_Exercise objective_
Retype every line from the one containing "Kenzo Orange Oversize Hoodie" through the last line of the records below, both included; leave out the pictures.

_Records to process_
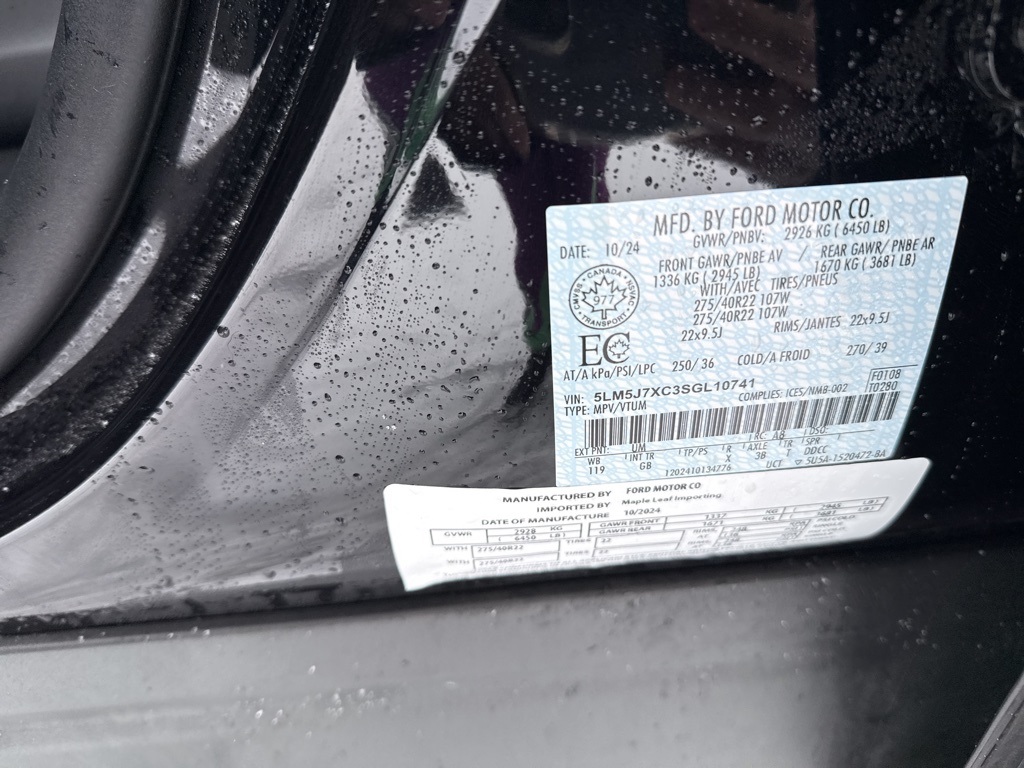 2025 Lincoln Aviator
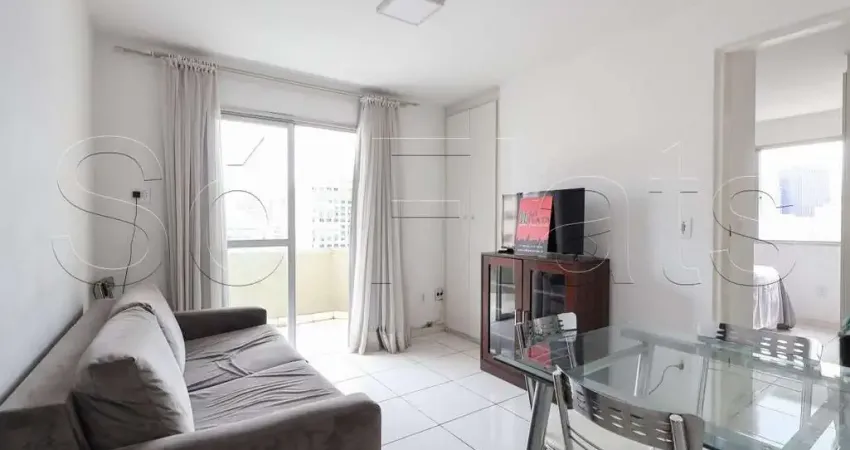 Flat Plaza Concord disponível para venda com 35m², 01 dorm e 01 vaga de garagem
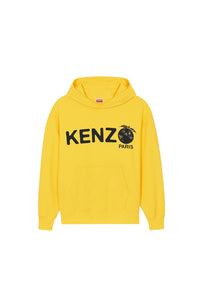 Kenzo Orange Oversize Hoodie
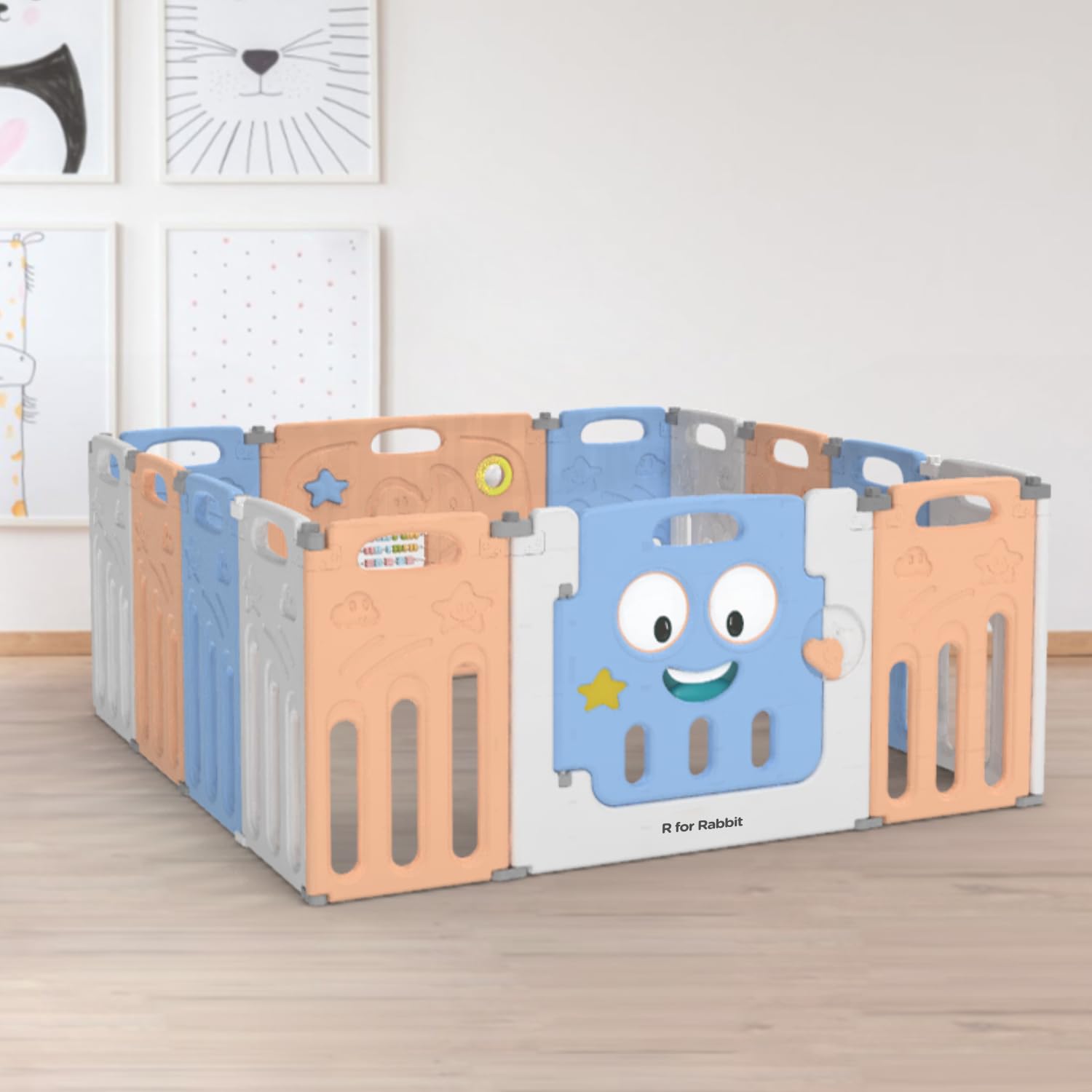 R for Rabbit Fun Zone Playpen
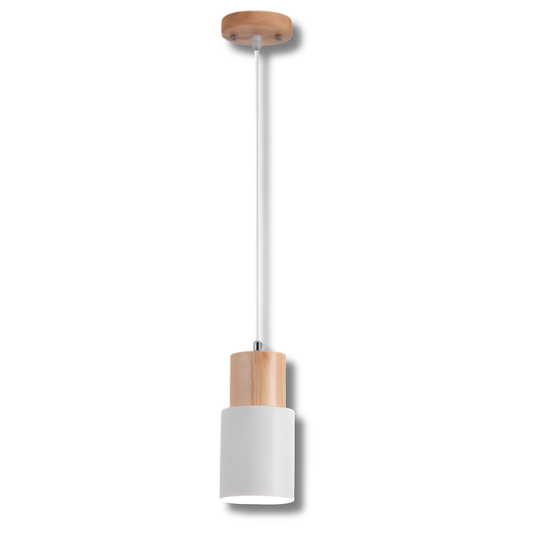 LumoWood Hanglamp - Minimalistisch Ontwerp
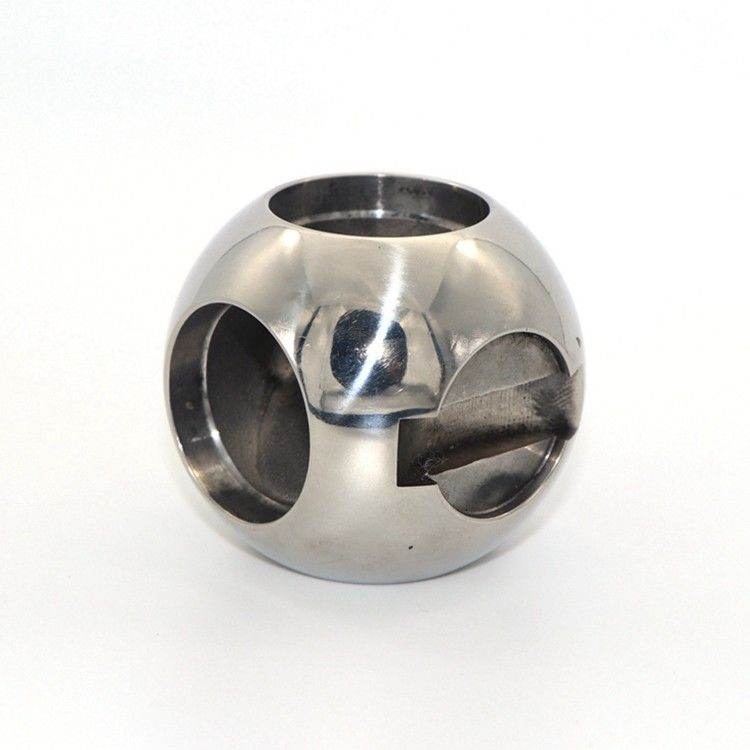 Valves pièces détachées Installation rapide Valve à bille en acier inoxydable avec support OEM personnalisé et surface polie miroir
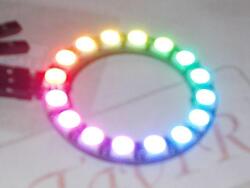 NeoPixel gyűrű RGB LED-sor (16x RGB LED, WS2812) (T54478)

_The answer_
 Kenzo Orange Oversize Hoodie
 R for Rabbit Fun Zone Playpen
 LumoWood Hanglamp - Minimalistisch Ontwerp
 Valves pièces détachées Installation rapide Valve à bille en acier inoxydable avec support OEM personnalisé et surface polie miroir
 NeoPixel gyűrű RGB LED-sor (16x RGB LED, WS2812) (T54478)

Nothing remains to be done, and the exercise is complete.